7Then they brought the colt to Jesus and threw their cloaks on it; and he sat on it. 8Many people spread their cloaks on the road, and others spread leafy branches that they had cut in the fields.

Who are these “many people”? What do they think is going on in this scene as an obscure man who is rumoured to be a great teacher rides into the city on a colt?

Perhaps these “many people” are pious Jews gathered in Jerusalem to observe Passover. Perhaps they are aware of the prophecy of Zechariah who said,

Lo, your king comes to you; triumphant and victorious is he, humble and riding on a donkey.(Zechariah 1:9).

But, remember, these “many people” do not have the advantage of hindsight. They do not have 2,000 years of theological reflection behind them to give them a sense of what is happening here.

Perhaps their enthusiasm is fuelled by expectation. Perhaps their hearts thrilled at the prospect of a king who “comes to you; triumphant and victorious.” Who wouldn’t want a “triumphant and victorious” king?

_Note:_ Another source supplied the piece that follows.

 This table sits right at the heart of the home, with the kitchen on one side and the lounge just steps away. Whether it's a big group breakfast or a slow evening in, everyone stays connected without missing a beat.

If triumph and victory are the expectation in the hearts of these “many people”, they are in for some serious disappointment. There does not appear to be any victory in this story. Jesus does not produce the kind of triumph for which most of us are hoping.

What kind of triumph and victory is won by a king who submits to injustice, violence, torture and death when apparently he had the power to bring about a different outcome? (cf. Matthew 26:53)

I am going to need to let go of a lot of my expectations if I am going to follow Jesus into Jerusalem through the horror of Holy Week.


What is my vision of triumph and victory? How do I respond when triumph and victory do not show up in the form I had hoped? What helps me keep my heart open to the alternate vision of triumph and victory that Jesus brings?